The problem:
Exactly as written, set down each line of the data below except its pictures.

Stored records:
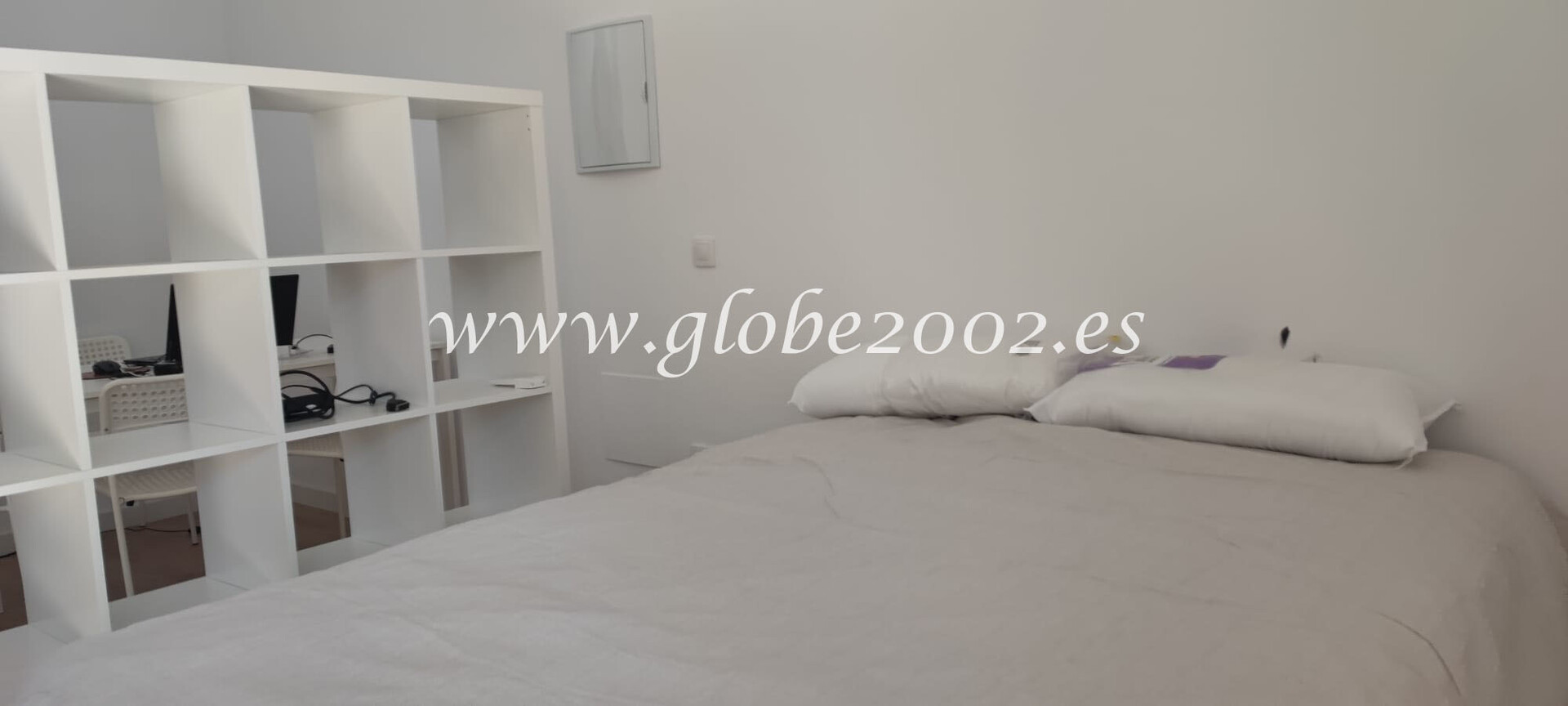 Pis de 52 m² a San Fernando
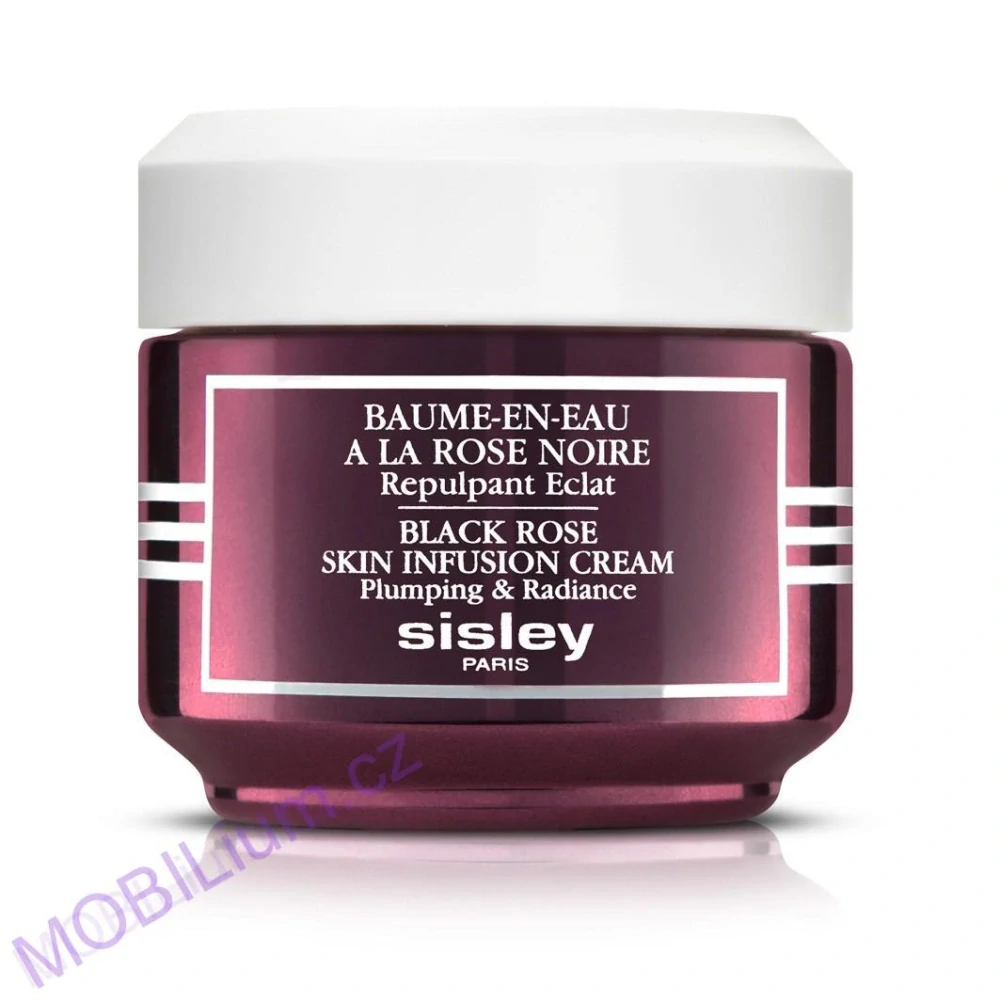 Sisley Black Rose Skin Infusion Creme 50 ml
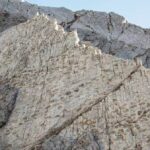 Objev starobylých dinosaurích stop v italském národním parku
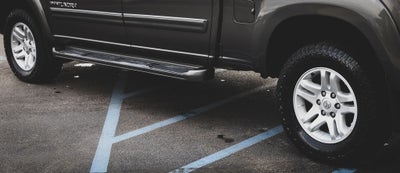 2006 Toyota Tundra SR5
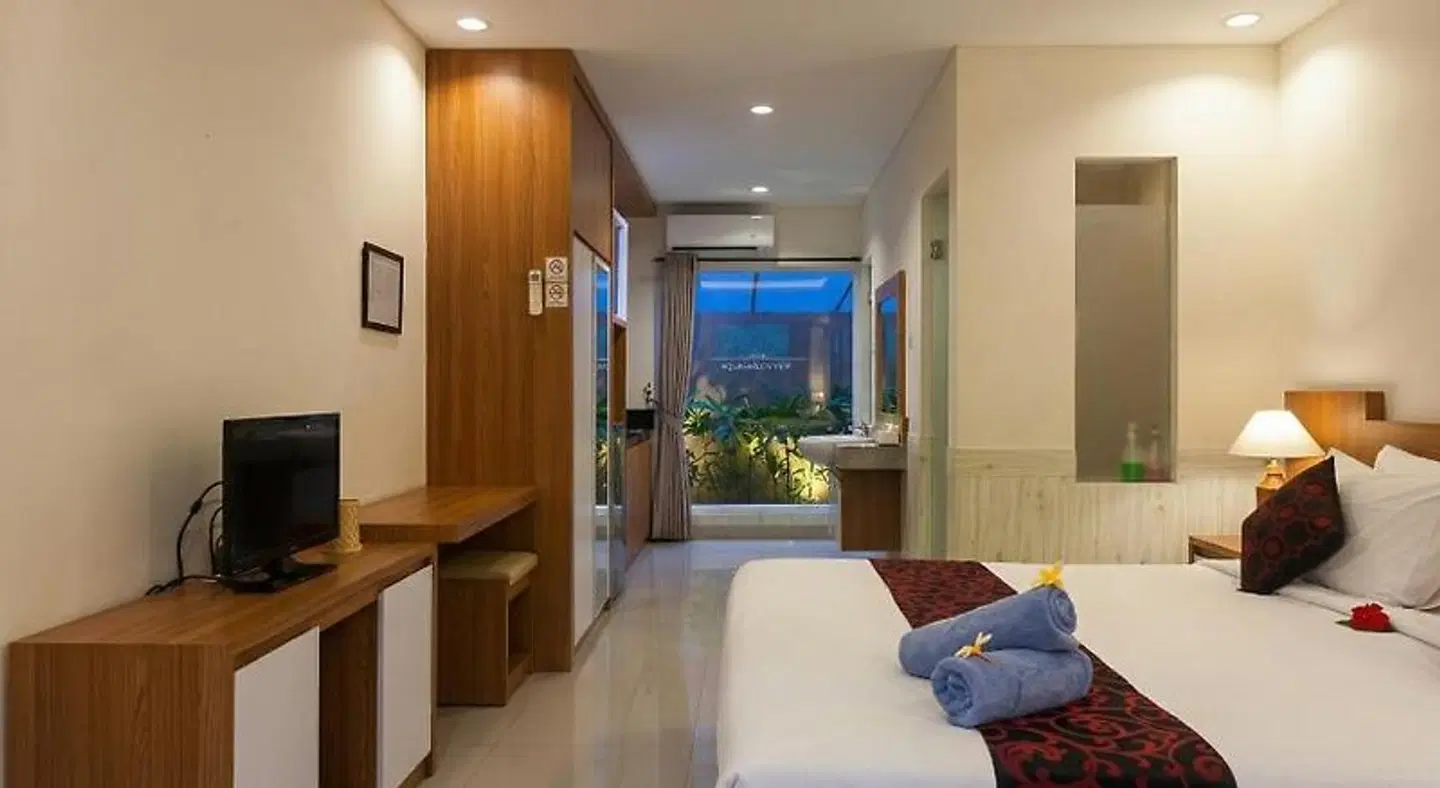 Anindya Homestay ROOM_EXAMPLE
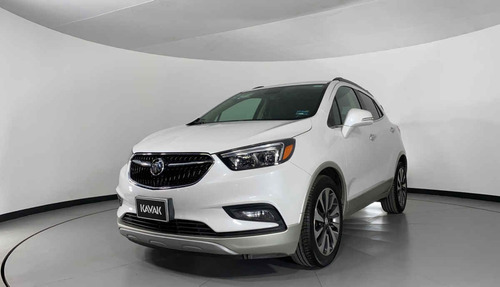 Imagen 1 de 15 de 46981 - Buick Encore 2017 Con Garantía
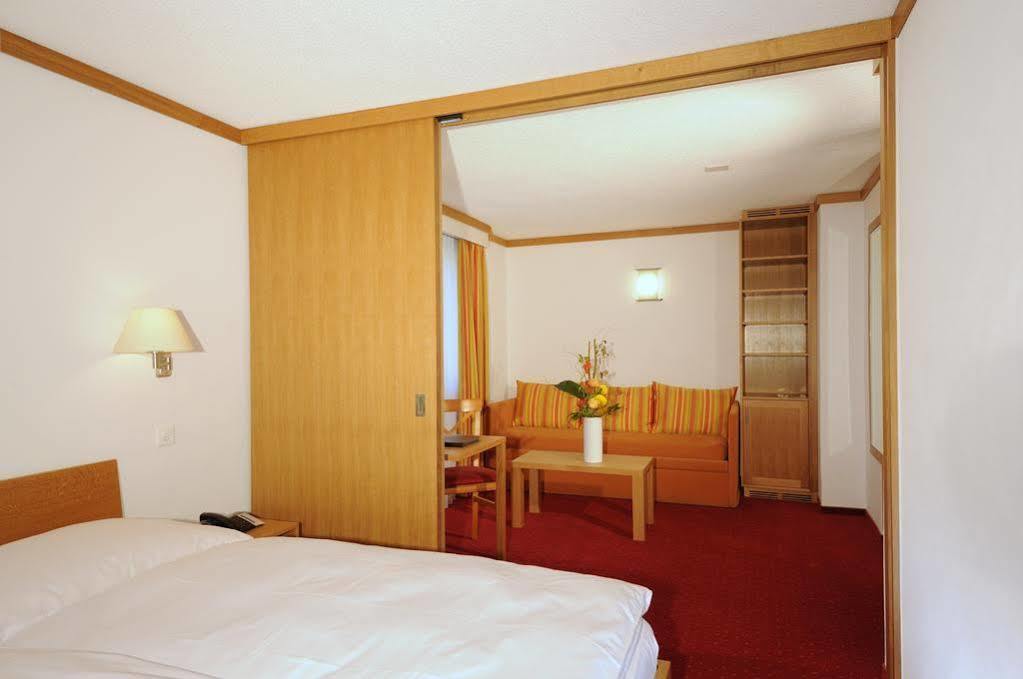 Excelsior Zermatt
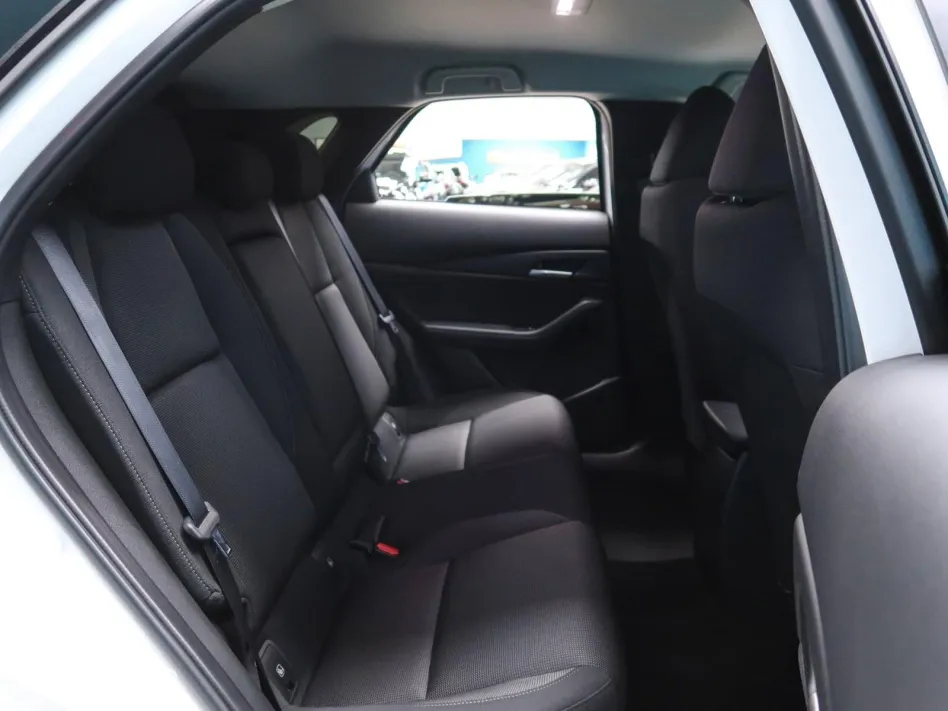 Mazda CX-30 E-SKYACTIV G MEHV 122CV PRIME-LINE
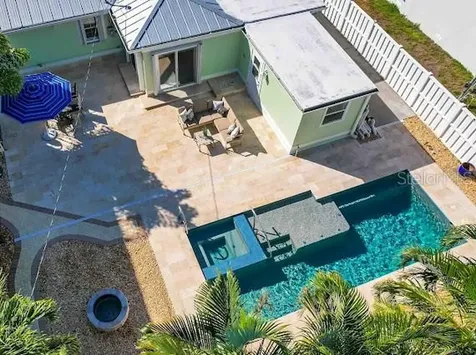 107 8th Street Belleair Beach FL 33786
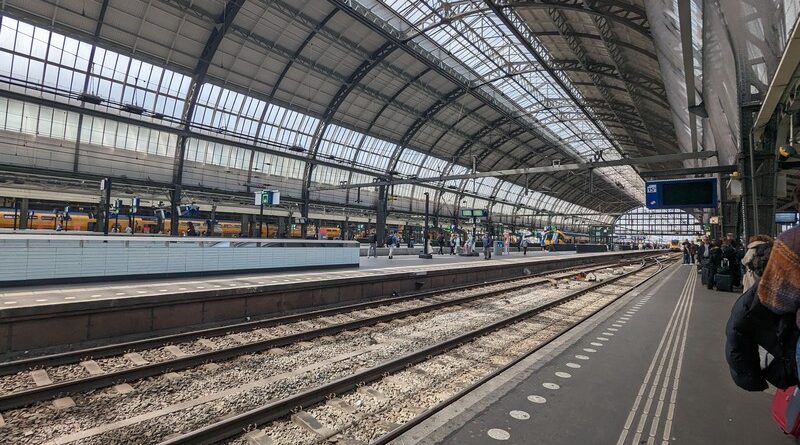 Amsterdam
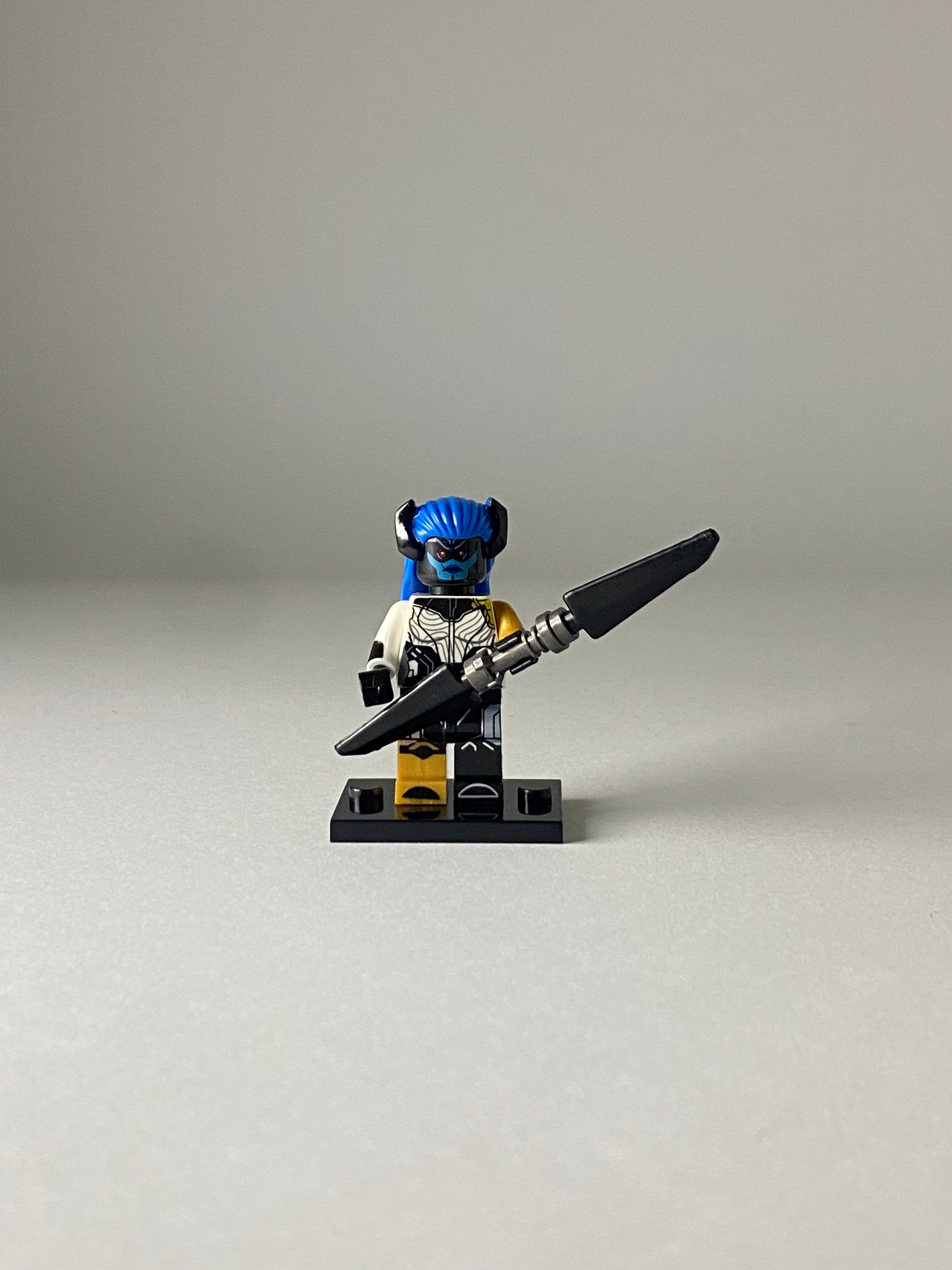 Proxima Midnight
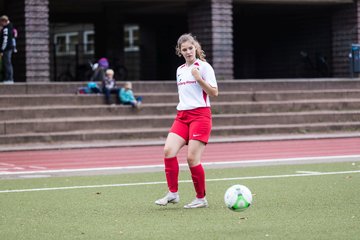 Bild 28 - wBJ Walddoerfer - St. Pauli : Ergebnis: 6:0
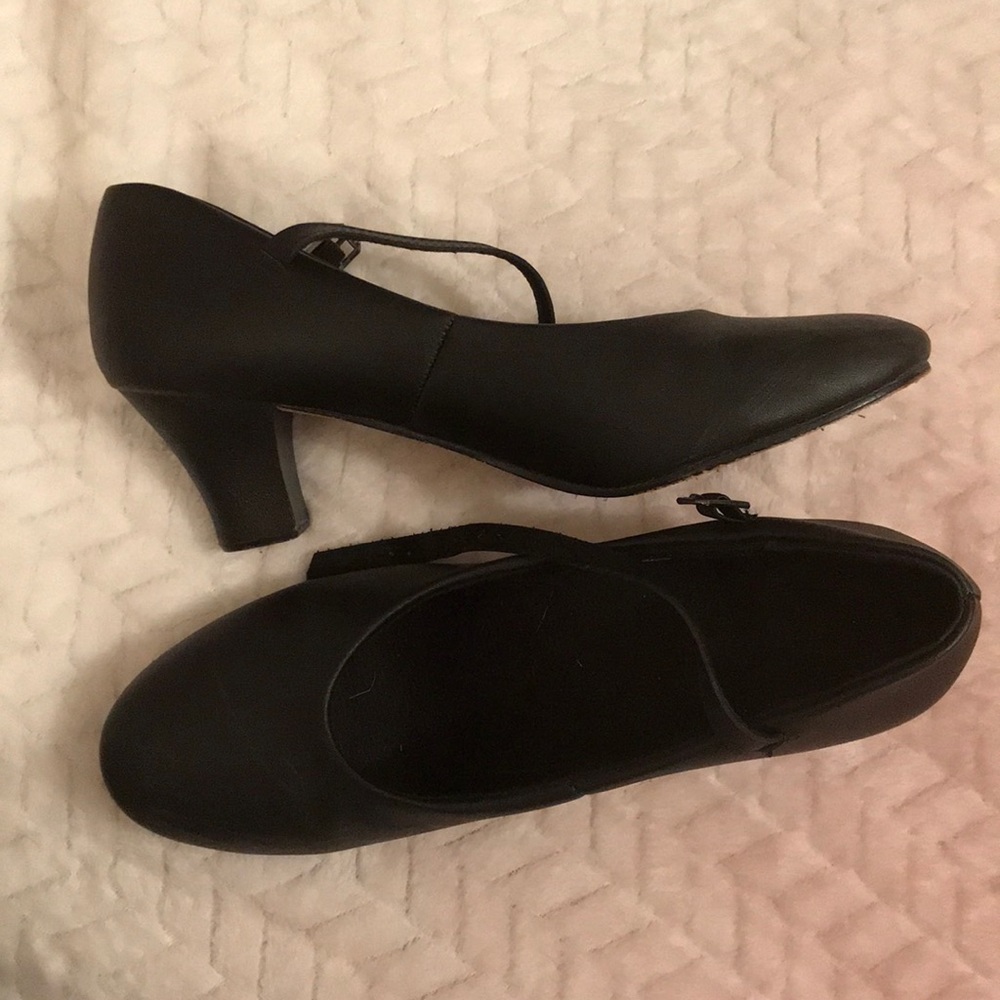 Character Shoes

Exercise answer:
 Pis de 52 m² a San Fernando
 Sisley Black Rose Skin Infusion Creme 50 ml
 Objev starobylých dinosaurích stop v italském národním parku
 2006 Toyota Tundra SR5
 Anindya Homestay ROOM_EXAMPLE
 Imagen 1 de 15 de 46981 - Buick Encore 2017 Con Garantía
 Excelsior Zermatt
 Mazda CX-30 E-SKYACTIV G MEHV 122CV PRIME-LINE
 107 8th Street Belleair Beach FL 33786
 Amsterdam
 Proxima Midnight
 Bild 28 - wBJ Walddoerfer - St. Pauli : Ergebnis: 6:0
 Character Shoes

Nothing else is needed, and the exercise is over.